The fact that the architecture belongs to the place itself, makes the place condition itself and makes it special. In this case we are before a landscape which modifies itself in time, with the passing of the seasons, with the variation in climate, in short, with the rhythm the crops mark …
In August, the bulky bales of straw start to populate the flat pieces of ground around the town, the places known as the threshing floors.
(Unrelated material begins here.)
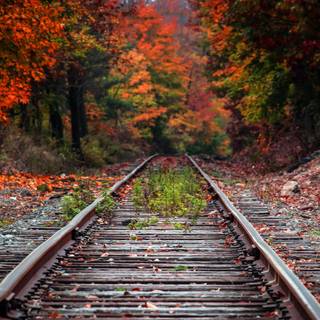 Autumn train tracks wallpaper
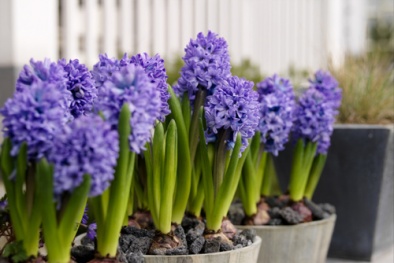 Kỹ thuật trồng cây Tiên Ông sang chảnh vạn người mê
Remarkable forms arise, round, in the same way as the continuous presence of the line of the horizon is round. In the face of these facts, the house takes on a formal configuration like a set of volumes frozen in time seated one upon another. This depicts the fact that it is not a full-time home by giving expression to the immediateness of the gesture of that gathering in of the harvest.
Of the total 24 hours:
18 hours correspond to the day, accompanying the daytime living areas where the spaces wrapped in glass grow.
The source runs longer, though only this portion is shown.